A randomized controlled trial of lymphoblastoid interferon-α in patients with chronic hepatitis B lacking HBeAg

Ongoing hepatitis B virus replication in the presence of antibody to HBeAg can be observed in patients with active liver disease. These forms of chronic hepatitis B have been described as having a poor prognosis. We have conducted a randomized controlled trial to assess the efficacy of lymphoblastoid interferon-cu in 60 patients with antibody to HBeAg and hepatitis B virus DNA-positive chronic hepatitis. Patients received 5 million U/m2 interferon three times a week for 6 mo, or no treatment. Final evaluation 18 mo after randomization showed hepatitis B virus DNA negativity and ALT normalization in 53% of treated patients and in 17% of controls (p < 0.01). The probability of sustained hepatitis B virus DNA loss was significantly higher in treated patients than in controls (p < 0.005). Blinded histological assessment revealed improvement in 50% of treated patients compared with 33% of controls. Pretreatment hepatitis B virus DNA and aminotransferase levels and histological appearance were not predictive of response.

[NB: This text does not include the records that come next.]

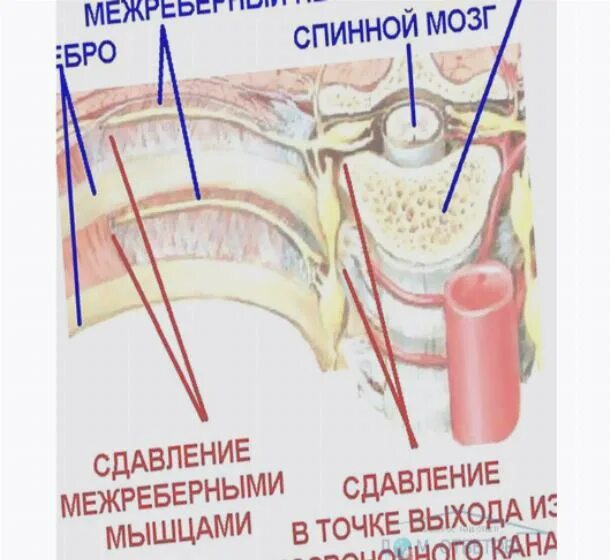 Межреберная невралоги. При межреберной невралгии. Межреберная невралгия болевые точки. Межрёберная невралгия слева. Межреберная невралгия лечение в домашних условиях слева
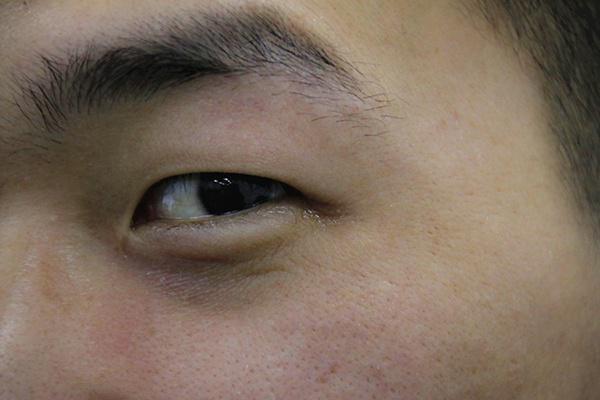 眼袋做完了眼部皮肤会不会松弛,眼袋松是什么原因导致的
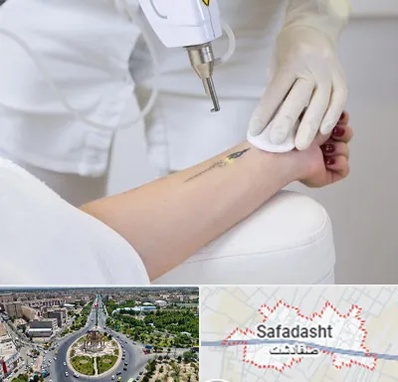 پاک کردن تتو با لیزر در صفادشت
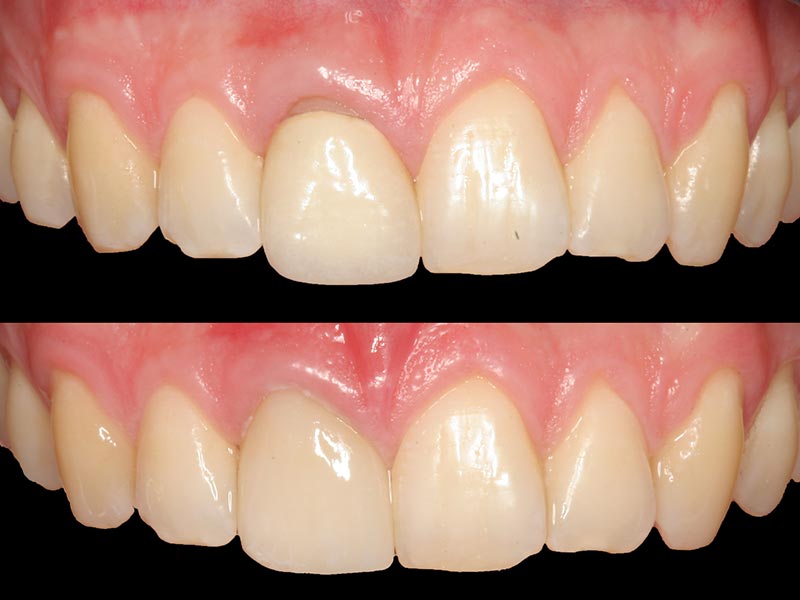 Vollkeramischer Zahnersatz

The results of this trial indicated that marked reduction of viral replication in serum and remission of liver damage can be obtained with lymphoblastoid interferon in about 50% of patients with HBeAg antibody-and HBV DNA-positive chronic hepatitis. This rate of response is higher than that reported previously. (HEPATOLOGY 1992;15:584-589.) Different subgroups of HBsAg-positive patients with chronic hepatitis have been identified. Typical patients have HBeAg and HBV DNA in serum during the active-disease phase and usually exhibit disease remission if they seroconvert to antibody t o HBeAg (anti-HBe) (1, 2). Some patients, however, have anti-HBe but still have active and progressive hepatitis.